Freeman Foundation maintains an intentionally low public profile — no website, no press releases, no social media presence. Public intelligence on recent activity is derived entirely from IRS 990-PF filings and third-party grant databases.
FY2025 (most recent filing): Total assets reached $21.1M; charitable disbursements of $781,641; revenue of $2.8M with contributions representing 71.2% of income. This is the first year in which the foundation's assets exceed $20M, crossing a threshold that typically triggers increased payout minimums under IRS private foundation rules.
FY2024 highlights: Southern Vision Alliance received $130,000 for the Queer Mobilization Fund — the largest single grant in the foundation's documented history and a meaningful signal of escalating investment in Southern LGBTQ+ organizing infrastructure. Campaign for Southern Equality received $100,000 for the Southern Equality Fund and the Trans Emergency Care Program, reflecting continued emergency-response orientation as Southern anti-trans legislation intensified.
Asset trajectory: The foundation's assets have grown from $8.8M (FY2019) to $21.1M (FY2025) — a 140% increase in six years — driven by substantial annual contributions from the donor ($3.45M in FY2024, $2.75M in FY2023). This growth strongly suggests that annual grant volume will continue to rise, potentially reaching $800K-$1M by 2026-2027.
Leadership stability: No trustee changes were identified through web research. Weston F. Milliken, Rea Carey, Rye Young, and Ryan Li Dahlstrom remain listed as trustees as of the most recent filing. Zero compensated staff — the foundation operates entirely through trustee decision-making.
No new program announcements, strategy pivots, or external communications were located through web research conducted in June 2026.
Freeman Foundation is a relationship-driven, invitation-based private funder with no public application process. Cold applications are not possible and will not be received. The following tips reflect the structured pathways and relationship-building strategies that meaningfully increase the probability of an invitation.
Pathway 1 — Apply through Alliance for Full Acceptance (AFFA). AFFA administers a small grants program using Freeman Foundation dollars for LGBTQ+ youth-serving organizations in South Carolina, North Carolina, and Georgia, distributing upward of $60,000 annually. This is the only open-access application process connected to Freeman funding. Monitor affa-sc.org for annual application cycles; AFFA's grants typically range from $1,000-$10,000 and serve as a formal introduction to the Freeman ecosystem.

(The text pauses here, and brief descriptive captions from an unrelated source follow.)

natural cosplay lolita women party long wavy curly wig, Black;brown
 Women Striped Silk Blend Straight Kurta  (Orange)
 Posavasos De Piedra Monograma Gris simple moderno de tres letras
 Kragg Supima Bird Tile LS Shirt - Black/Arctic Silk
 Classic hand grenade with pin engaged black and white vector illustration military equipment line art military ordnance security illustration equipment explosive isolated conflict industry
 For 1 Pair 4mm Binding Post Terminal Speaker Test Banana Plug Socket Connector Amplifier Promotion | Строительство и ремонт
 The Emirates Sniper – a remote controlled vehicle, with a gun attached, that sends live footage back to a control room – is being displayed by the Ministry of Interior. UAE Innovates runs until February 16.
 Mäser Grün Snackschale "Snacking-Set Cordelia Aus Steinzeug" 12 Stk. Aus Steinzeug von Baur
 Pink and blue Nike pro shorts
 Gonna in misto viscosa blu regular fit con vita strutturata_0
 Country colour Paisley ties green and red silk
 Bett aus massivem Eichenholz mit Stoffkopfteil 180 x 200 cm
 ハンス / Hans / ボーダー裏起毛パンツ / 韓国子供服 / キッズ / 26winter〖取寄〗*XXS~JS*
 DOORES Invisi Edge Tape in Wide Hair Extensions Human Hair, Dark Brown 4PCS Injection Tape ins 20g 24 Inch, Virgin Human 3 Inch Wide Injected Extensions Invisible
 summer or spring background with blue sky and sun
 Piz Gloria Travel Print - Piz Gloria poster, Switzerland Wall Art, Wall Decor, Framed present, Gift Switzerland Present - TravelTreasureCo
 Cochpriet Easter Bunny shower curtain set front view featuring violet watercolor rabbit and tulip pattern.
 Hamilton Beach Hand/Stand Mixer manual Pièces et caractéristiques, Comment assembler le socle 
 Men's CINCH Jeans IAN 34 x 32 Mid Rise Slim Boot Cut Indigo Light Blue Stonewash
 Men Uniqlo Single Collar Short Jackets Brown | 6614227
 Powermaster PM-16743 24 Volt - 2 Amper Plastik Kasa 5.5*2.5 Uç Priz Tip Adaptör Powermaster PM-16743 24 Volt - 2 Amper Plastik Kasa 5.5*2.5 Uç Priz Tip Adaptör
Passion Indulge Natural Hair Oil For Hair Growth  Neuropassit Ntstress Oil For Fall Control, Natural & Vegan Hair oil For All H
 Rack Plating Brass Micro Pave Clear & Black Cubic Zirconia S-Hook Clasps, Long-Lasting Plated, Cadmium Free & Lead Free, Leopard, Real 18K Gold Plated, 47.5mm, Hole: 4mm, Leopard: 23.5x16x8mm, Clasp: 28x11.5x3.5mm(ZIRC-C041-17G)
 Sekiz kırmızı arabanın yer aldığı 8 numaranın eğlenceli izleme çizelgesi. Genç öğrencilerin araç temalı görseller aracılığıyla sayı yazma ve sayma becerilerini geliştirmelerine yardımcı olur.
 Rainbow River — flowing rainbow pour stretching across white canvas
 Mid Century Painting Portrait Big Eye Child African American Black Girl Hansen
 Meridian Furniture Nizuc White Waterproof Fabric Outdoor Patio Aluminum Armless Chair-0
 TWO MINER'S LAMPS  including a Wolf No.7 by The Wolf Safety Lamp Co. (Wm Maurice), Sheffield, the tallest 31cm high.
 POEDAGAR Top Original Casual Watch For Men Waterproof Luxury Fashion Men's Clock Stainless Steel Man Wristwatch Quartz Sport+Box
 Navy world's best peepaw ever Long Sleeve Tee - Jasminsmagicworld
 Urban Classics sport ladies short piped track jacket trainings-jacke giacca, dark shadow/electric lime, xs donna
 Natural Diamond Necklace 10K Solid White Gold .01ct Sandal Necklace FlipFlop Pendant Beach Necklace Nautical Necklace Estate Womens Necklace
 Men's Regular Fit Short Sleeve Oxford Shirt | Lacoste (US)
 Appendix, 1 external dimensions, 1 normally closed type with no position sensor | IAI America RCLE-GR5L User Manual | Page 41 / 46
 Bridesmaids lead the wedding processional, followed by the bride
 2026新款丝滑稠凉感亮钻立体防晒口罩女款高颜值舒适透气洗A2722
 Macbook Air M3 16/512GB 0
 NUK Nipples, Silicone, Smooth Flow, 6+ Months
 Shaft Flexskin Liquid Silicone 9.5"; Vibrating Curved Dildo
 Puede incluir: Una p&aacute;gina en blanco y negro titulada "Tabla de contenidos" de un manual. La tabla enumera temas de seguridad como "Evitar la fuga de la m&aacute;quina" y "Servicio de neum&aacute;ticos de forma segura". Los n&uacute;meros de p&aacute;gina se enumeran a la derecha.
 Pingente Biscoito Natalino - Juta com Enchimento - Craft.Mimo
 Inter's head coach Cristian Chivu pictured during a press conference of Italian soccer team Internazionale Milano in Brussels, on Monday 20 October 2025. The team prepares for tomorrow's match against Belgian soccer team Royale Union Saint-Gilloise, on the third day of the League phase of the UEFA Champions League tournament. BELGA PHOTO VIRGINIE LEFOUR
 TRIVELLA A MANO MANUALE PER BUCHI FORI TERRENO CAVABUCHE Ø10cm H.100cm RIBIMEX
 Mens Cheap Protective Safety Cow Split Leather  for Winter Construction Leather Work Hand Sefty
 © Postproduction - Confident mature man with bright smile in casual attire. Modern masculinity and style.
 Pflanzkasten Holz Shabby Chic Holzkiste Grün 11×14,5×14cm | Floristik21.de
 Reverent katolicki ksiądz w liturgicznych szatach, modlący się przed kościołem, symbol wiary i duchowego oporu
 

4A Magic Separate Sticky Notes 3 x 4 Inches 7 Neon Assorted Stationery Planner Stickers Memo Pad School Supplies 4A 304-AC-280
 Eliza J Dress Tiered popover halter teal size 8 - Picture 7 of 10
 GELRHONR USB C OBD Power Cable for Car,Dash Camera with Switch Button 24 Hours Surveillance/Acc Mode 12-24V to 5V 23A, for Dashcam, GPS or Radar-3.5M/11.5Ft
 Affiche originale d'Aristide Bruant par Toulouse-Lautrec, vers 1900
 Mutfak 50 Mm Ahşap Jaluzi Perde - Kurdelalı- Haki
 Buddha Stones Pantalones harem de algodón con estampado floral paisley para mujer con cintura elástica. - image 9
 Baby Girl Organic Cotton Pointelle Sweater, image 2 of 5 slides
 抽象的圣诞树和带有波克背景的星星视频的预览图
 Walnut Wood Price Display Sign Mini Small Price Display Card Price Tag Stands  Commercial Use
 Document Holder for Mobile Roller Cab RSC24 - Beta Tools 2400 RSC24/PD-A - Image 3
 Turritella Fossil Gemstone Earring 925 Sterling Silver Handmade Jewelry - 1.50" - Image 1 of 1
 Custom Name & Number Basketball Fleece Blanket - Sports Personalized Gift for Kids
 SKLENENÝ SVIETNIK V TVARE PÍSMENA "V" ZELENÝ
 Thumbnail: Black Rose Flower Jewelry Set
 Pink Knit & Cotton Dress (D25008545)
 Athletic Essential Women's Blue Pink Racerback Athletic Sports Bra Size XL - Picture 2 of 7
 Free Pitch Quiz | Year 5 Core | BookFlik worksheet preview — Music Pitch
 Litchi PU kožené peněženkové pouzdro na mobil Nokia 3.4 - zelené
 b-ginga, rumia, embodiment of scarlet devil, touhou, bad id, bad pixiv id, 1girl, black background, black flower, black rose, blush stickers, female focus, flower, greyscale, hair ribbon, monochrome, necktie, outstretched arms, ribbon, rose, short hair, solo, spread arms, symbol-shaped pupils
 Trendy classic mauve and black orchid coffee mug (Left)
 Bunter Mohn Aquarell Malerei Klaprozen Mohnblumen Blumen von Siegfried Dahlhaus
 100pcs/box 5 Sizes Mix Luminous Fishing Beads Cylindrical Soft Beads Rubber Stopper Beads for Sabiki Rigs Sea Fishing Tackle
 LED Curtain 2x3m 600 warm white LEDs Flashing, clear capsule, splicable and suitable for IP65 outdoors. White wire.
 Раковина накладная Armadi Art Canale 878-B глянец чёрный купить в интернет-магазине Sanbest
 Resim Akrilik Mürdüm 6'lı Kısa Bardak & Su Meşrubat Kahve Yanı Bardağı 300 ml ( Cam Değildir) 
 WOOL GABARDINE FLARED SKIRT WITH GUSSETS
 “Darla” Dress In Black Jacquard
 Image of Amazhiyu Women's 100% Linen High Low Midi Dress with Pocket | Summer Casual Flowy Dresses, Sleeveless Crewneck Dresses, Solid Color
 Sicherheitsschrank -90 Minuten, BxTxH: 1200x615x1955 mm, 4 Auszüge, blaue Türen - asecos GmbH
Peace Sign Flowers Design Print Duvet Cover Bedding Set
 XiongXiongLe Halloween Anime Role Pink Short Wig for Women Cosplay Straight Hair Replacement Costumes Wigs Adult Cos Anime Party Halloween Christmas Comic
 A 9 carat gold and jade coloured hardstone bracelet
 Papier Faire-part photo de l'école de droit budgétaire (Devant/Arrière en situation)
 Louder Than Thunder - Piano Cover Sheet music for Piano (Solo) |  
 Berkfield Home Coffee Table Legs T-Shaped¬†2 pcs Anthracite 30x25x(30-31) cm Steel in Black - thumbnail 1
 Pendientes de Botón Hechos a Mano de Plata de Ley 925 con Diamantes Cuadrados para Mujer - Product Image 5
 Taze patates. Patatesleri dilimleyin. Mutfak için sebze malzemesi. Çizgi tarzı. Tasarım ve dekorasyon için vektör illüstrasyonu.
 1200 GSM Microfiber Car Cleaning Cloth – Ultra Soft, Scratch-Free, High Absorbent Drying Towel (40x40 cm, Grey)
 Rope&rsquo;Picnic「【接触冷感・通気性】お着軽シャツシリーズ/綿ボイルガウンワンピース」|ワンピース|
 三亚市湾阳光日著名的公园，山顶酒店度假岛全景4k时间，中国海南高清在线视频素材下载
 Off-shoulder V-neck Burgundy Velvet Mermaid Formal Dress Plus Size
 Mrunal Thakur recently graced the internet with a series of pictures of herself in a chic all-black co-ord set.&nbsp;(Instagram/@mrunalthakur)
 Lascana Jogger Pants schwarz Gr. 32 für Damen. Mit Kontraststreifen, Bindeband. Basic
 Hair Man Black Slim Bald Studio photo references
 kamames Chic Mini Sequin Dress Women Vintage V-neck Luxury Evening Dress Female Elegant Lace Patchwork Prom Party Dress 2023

Pathway 2 — Build visibility at Creating Change. The National LGBTQ Task Force's Creating Change Conference — specifically the sexual liberation and trans justice programming tracks — has been consistently funded by Freeman across multiple grant cycles. Attending, presenting, or facilitating workshops positions organizations directly within the trustee networks that drive Freeman invitations. Rea Carey's decade of leadership at the Task Force makes this the single most important convening to prioritize.
Pathway 3 — Attend Sex Down South Conference. Freeman has funded the Sex Down South Conference (via Planned Parenthood of the Southeast) at least five times. This Atlanta-based gathering is the primary Southern convening for sexual liberation work; organizational leaders known within this network are well-positioned for trustee introductions.
Alignment language: Proposals and organizational materials should use language that mirrors the foundation's funded project titles: 'sexual liberation as transformative justice,' 'Southern-rooted organizing,' 'trans-led,' 'intersectional,' 'queer mobilization,' 'emergency response.' Avoid policy-advocacy framing — Freeman's orientation is community-based organizing, not litigation or electoral strategy.
What Freeman looks for: Long-term organizational health (general support), not individual projects. Multi-year track records of Southern LGBTQ+ community work. Leadership that is directly affected — trans-led, LGBTQ-led, youth-led. Existing relationships with current Freeman grantees.
Critical distinctions: This foundation (EIN 52-1667228) is entirely unrelated to the well-known Asia-focused Freeman Foundation (EIN 13-2965090) and the Carl M. Freeman Foundation (Maryland real estate philanthropy). Confusing them in correspondence will immediately signal that an organization has not done its homework.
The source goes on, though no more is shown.